16. The method of claim 15 where the performance is further evaluated to include the impact of servicing, the method further comprising the steps: n) save Pre test data for each circuit prior to performing evaporator correction or performing any other service on the unit, o) after completing any unit servicing, save Post test data for each circuit, p) if the system has a TxV metering device, determine the improvement in evaporator performance as the increase in DTevap from the Pre to the Post test; or if the system has a non-TxV metering device, determine the improvement in evaporator performance as the increase in Epp from the Pre to the Post test; q) determine the capacity weighted average evaporator improvement for the unit as follows, for each circuit calculate the product of the individual circuit improvement multiplied by the circuit nominal cooling capacity, sum the circuit values, and divide the sum by the total unit nominal cooling capacity. r) if the system has a TxV metering device, and the capacity weighted average improvement is greater than a predefined threshold, such as 8 degrees F., then all circuits qualify for an evaporator improvement incentive; if the capacity weighted average does not exceed the threshold, then only individual circuits with an improvement exceeding the threshold qualify for the incentive. s) if the system has a non-TxV metering device, and the capacity weighted average improvement is greater than a predefined threshold, such as 7 degrees F., then all, circuits qualify for an evaporator improvement incentive; if the capacity weighted average does not exceed the threshold, then only individual circuits with an improvement exceeding the threshold qualify for the incentive.

Description:

CROSS REFERENCE TO RELATED APPLICATIONS

The present application claims the benefit under all relevant U.S. statutes, including 35 U.S.C. 119 (e), of U.S. Provisional Application No. 60/875,237 filed Dec. 14, 2006, titled METHOD FOR DETERMINING EVAPORATOR AIRFLOW VERIFICATION in the name of Keith A. Temple, Todd Rossi and Changlin Sun.
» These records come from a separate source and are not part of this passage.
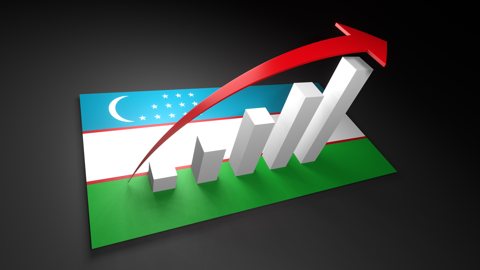 ウズベキスタン国旗, 国旗の上に湧く赤い矢印と白い上昇グラフ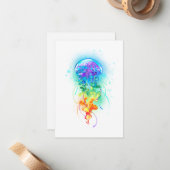 Carte De Correspondance Méduse arc-en-ciel (Devant/Arrière en situation)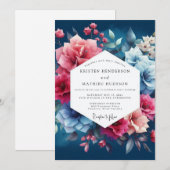 Deep Blue Floral Romance Wedding Einladung (Vorne/Hinten)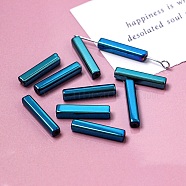 Electroplate Glass Beads, Faceted, Rectangle, Cadet Blue, 19.5~20x4x4mm, Hole: 1mm(GLAA-D024-01L)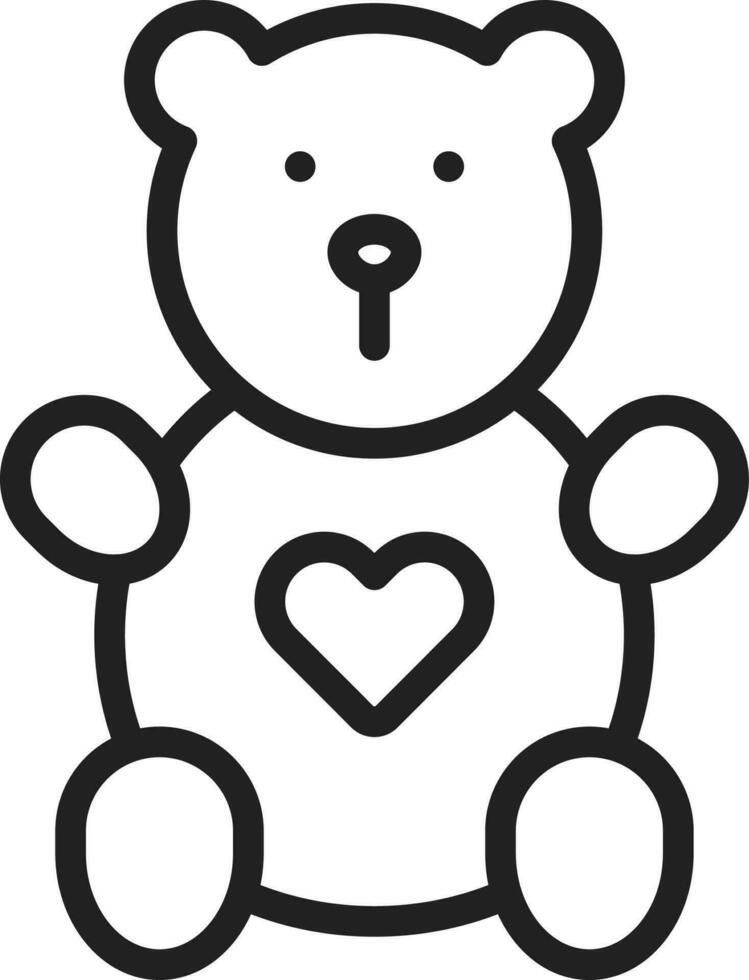 Urso de pelúcia Urso ícone vetor imagem.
The present application is a continuation-in-part of U.S. patent application Ser. No. 11/985,170 filed Nov. 14, 2007, titled METHOD FOR DETERMINING EVAPORATOR AIRFLOW VERIFICATION, in the name of Todd M. Rossi, Keith A. Temple and Changlin Sun, wherein U.S. application Ser. No. 11/985,170 claims benefit under 35 U.S.C. §119(e) to U.S. Provisional Application No. 60/859,158 filed Nov. 14, 2006, titled METHOD FOR DETERMINING REFRIGERATION AND AIRFLOW VERIFICATION in the name of Todd M. Rossi, Keith A. Temple and Changlin Sun.

U.S. Provisional Application No. 60/875,237, filed Dec. 14, 2006, is hereby incorporated by reference as if fully set forth herein.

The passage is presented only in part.